» EXERCISE BRIEF
Transcribe, word for word, every line from the one containing "Paisley Satin Brocade" through the final line of the records, and omit the pictures.

» GIVEN RECORDS
==================================================

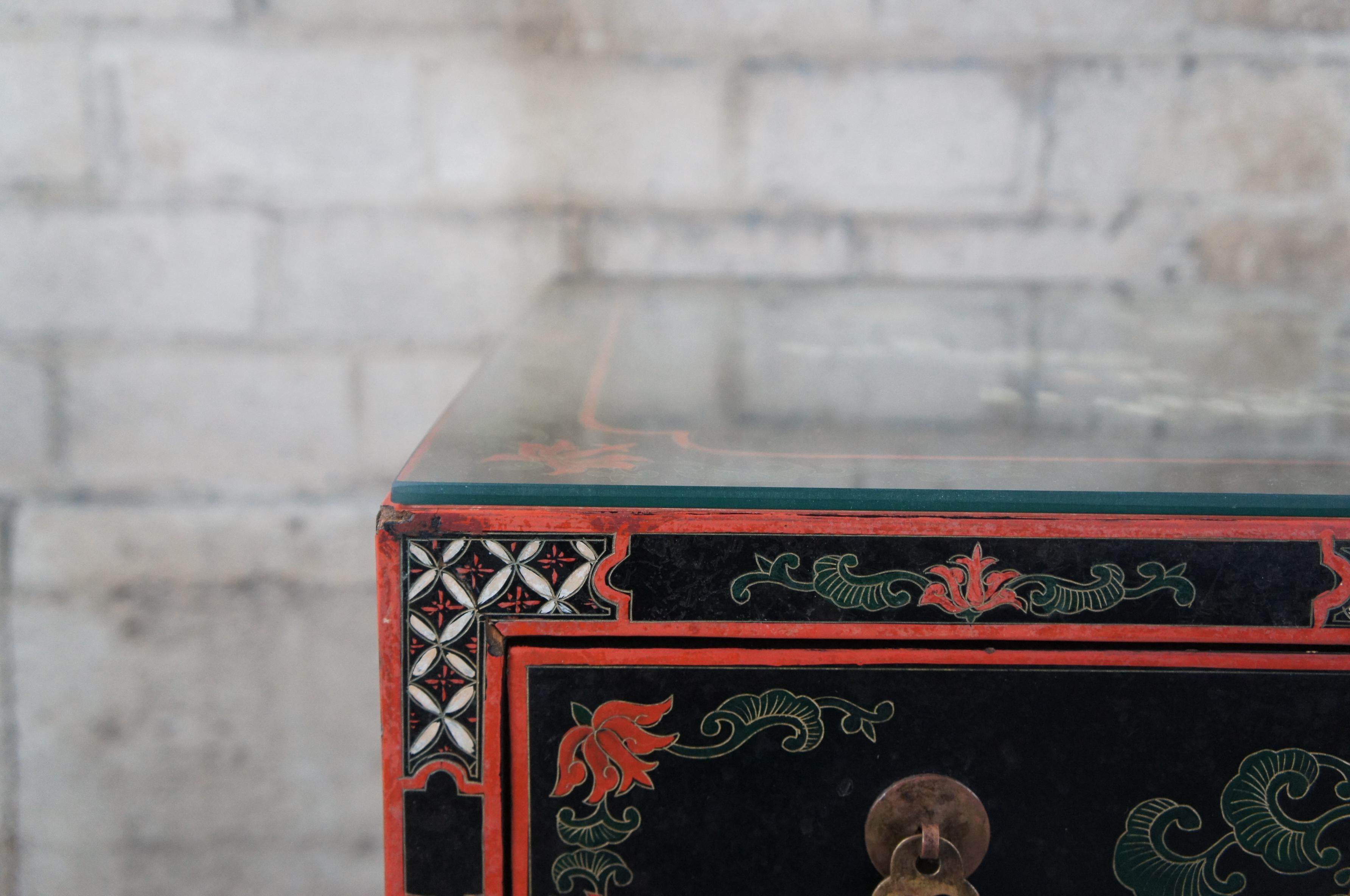Vintage Chinese Chinoiserie Black Lacquered Painted Square Side Table Cabinet 24 3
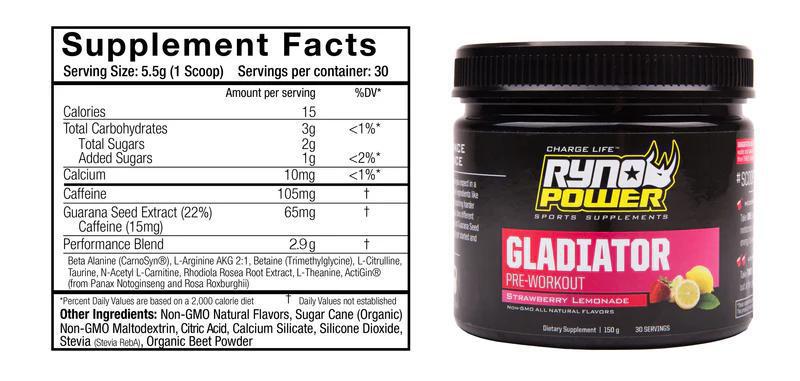 RYNO POWER Gladiator Pre-Workout Drink Mix - Tub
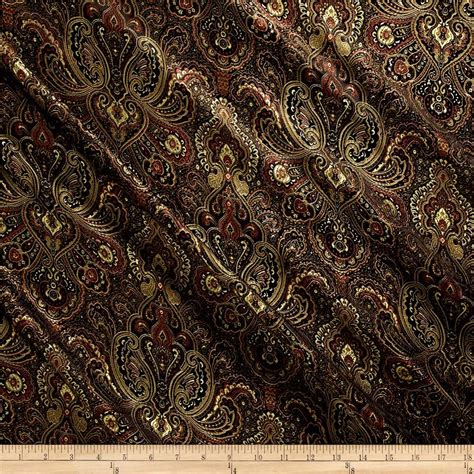 Paisley Satin Brocade Blackmulti From Fabricdotcom This Beautiful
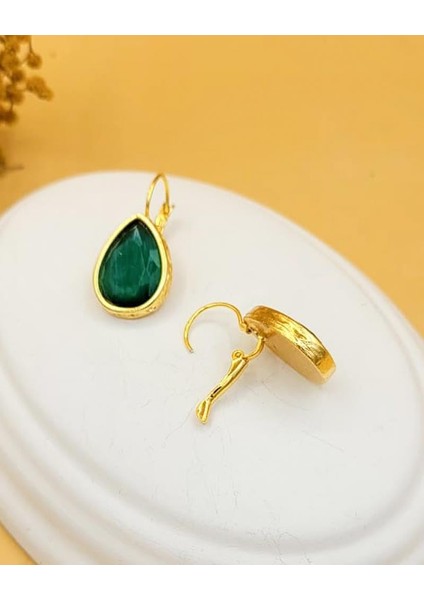 Zümrüt Yeşil Kedi Gözü Sıvama Altın Kaplama Iri Damla Küpe modelleri
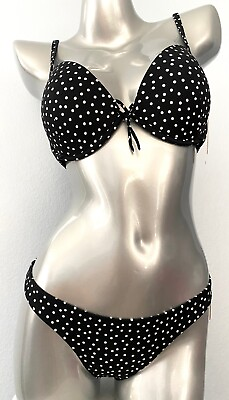 #ad Victorias Secret Black Dot Malibu Fabulous Top amp; Itsy Bikini Bottom Set 36C L $45.99
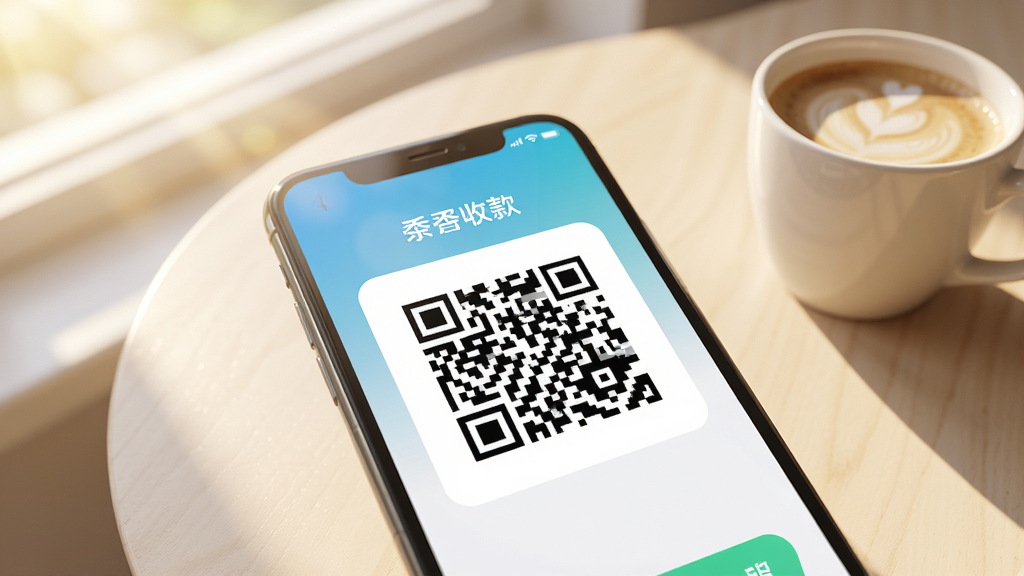 һ����д��ͷչʾ����App���տ�����棬����������һ�������Ķ�ά�룬��ά���Ϸ�д�š������տ�����������Ǹɾ���ǳɫ���棬�Ա߷���һ�����ȣ�����͸�����������ֻ��ϣ�Ӫ������ɵľ�Ӫ��Χ������ϸ�壬ɫ����ͣ��޶���Ԫ��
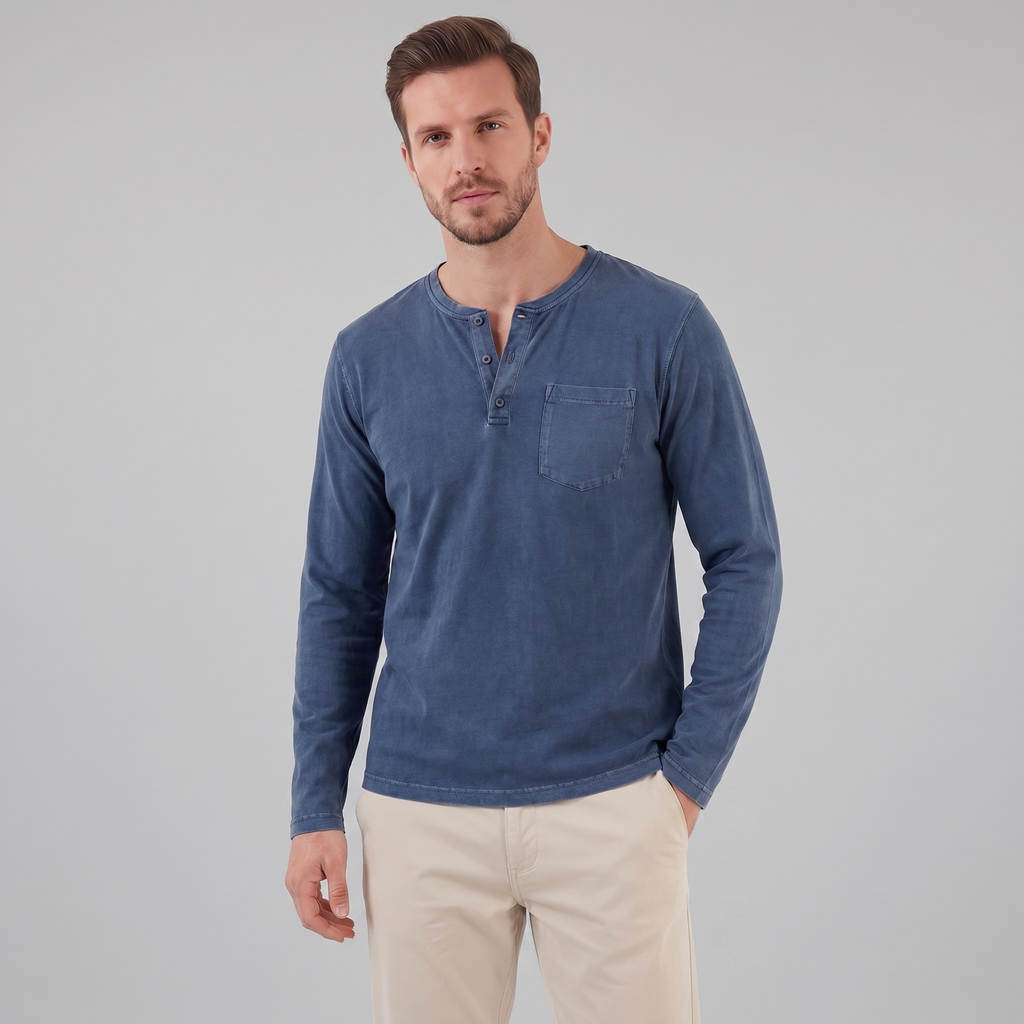 Men's Long Sleeve Cotton Henley Shirt for Casual Wear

==================================================

» ANSWER TO THIS PROBLEM
 Paisley Satin Brocade Blackmulti From Fabricdotcom This Beautiful
 Zümrüt Yeşil Kedi Gözü Sıvama Altın Kaplama Iri Damla Küpe modelleri
 #ad Victorias Secret Black Dot Malibu Fabulous Top amp; Itsy Bikini Bottom Set 36C L $45.99
 һ����д��ͷչʾ����App���տ�����棬����������һ�������Ķ�ά�룬��ά���Ϸ�д�š������տ�����������Ǹɾ���ǳɫ���棬�Ա߷���һ�����ȣ�����͸�����������ֻ��ϣ�Ӫ������ɵľ�Ӫ��Χ������ϸ�壬ɫ����ͣ��޶���Ԫ��
 Men's Long Sleeve Cotton Henley Shirt for Casual Wear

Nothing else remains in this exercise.